A mother of a disabled boy is asking the Canadian government to extend euthanasia to children so a lethal injection might be given to her son.

Karie-Lyn Pelletier, from L’Islet, says she wants to be able to end the life of her four-year-old boy, Abel, if his condition further deteriorates.

The child suffers from Mednik syndrome, an incurable genetic disease which has left him deaf and with severe learning disabilities and intestinal problems.

Miss Pelletier says she wants euthanasia to be “the end that will deliver Abel from his sufferings and the fight he leads”.

She is supported by Senator Pierre-Hugues Boisvenu, a politician who worked on the Bill C-7 which in March removed many of the safeguards from the country’s five-year-old Medical Assistance in Dying regulations permitting euthanasia and assisted suicide.

Boisvenu wants Miss Pelletier to testify before the Canadian Senate, the upper chamber, as a parliamentary committee considers whether to extend euthanasia to children following a campaign which began in 2018.

The proposal has met with fierce criticism from disability rights campaigners both in Canada and the UK, however.

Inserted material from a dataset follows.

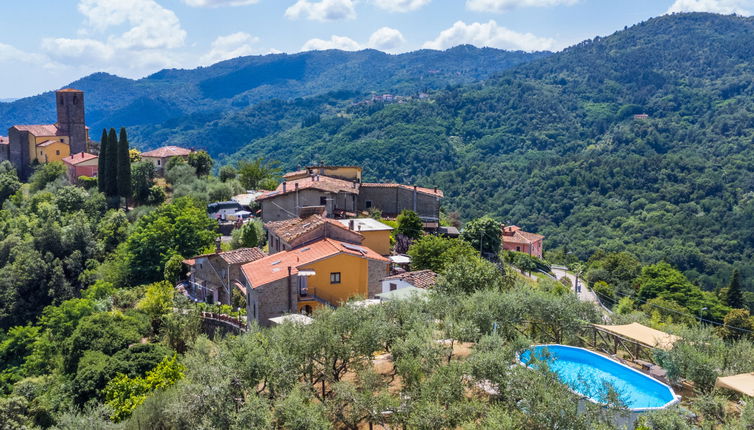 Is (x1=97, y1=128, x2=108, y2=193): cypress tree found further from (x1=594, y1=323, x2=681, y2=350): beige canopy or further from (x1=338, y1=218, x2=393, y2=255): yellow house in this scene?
(x1=594, y1=323, x2=681, y2=350): beige canopy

Baroness Grey-Thompson, the distinguished British paralympian wheelchair racer, said: “This is the very fear that disabled people have – that assisted suicide will be used to get rid of disabled people.

“While repeatedly we are told it is ’not for us’, this will set a path that will continue to ramp up the view that disabled people have nothing to contribute to society.”

Dr Miro Griffiths, a teaching fellow in disability studies at the University of Leeds, said the case illustrated the dangers of extension of scope in assisted suicide legislation as peers prepare to debate the Assisted Dying Bill of Baroness Meacher in October.

“Assisted suicide and euthanasia interventions will alter how health and care provision is offered to disabled people, and those with illnesses and health conditions, in society,” Dr Griffiths said.

“Rather than prioritise support for disabled people to participate in communities, debates will take place as to whether an individual’s death should be accelerated via state and medical opinion.”

He added: “This is one of the reasons why the Meacher Bill is dangerous – it flirts with the idea that some lives are not worth living.”